What at first seems like a story of a father overreacting veers darker when it turns out that, perhaps, somebody from the kingdom has seen the blog. When you’re Palestinian — at the mercy of host countries, unable to properly speak up against the nation-state that forced you out in the first place — what you say carries real weight. That Teebi himself omits the name of the kingdom furthers the story’s trenchant irony.
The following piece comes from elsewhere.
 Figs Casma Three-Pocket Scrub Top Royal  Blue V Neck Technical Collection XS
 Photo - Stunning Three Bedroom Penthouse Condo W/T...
In the title story, after Abed teaches his white girlfriend, Nadia, about Palestine, she becomes obsessed with the cause and ends up leaving him for someone living in the West Bank. Evocatively, it asks who is “more” Palestinian: the one who lives comfortably in the diaspora or the one who suffers in the homeland? Meanwhile, in “Woodland,” Teebi takes aim at another example of settler colonialism, with a tale set partly in Ontario’s cottage country. Involving a fake Norval Morrisseau painting and estate sales as a metaphor for what we leave behind, the story successfully breaks apart the kind of historical compartmentalization that allows the oppression of Indigenous peoples to continue in Canada, much as it functions in the Middle East. Teebi himself nods to this parallel on his acknowledgements page: “These stories engage a people who have been violently and unjustly dispossessed of their land. I wrote them while living on the land of other people who were also violently and unjustly dispossessed.”
The collection’s final offering, “Enjoy Your Life, Capo,” underlines its major conceit. When Salah, a computer programmer, develops an app that can track the unique breathing pattern of every human being on the planet, it’s intended for medical application — specifically, to ease the suffering of his daughter, who has cystic fibrosis. However, it turns out the only interested buyer for the software is the Israeli military. As Salah agonizes over what to do, his daughter gets in trouble at school for posting pro-Palestinian messages on social media. This is the most haunting story in the book, with its intersecting themes of what it means to collaborate, the obligations of family, and the nefarious uses of technology, all of them corrupted by the influence of money — an eternal concern that Teebi uses here to bruising effect.
Her First Palestinian is a layered, fully imagined work of fiction: probing, sure of itself, astounded by life’s cruelties and surprising joys and by its ironies large and small. Salah, the programmer, poses the question at its heart: “There have to be limits to this warfare against us, no?” The book’s answer is a resounding, heartbreaking no. Although some readers will inevitably take issue with Teebi’s stance, he should be commended for not turning away, as should his publisher for issuing this unvarnished addition to the fictional — and historical — record. With these glimpses of Palestinians living in a world bent against them, the terrain of Canadian literature has slightly fewer walls, guard towers, and checkpoints.
Aaron Kreuter is the author of Shifting Baseline Syndrome, which was shortlisted for the Governor General’s Award for Poetry in 2022.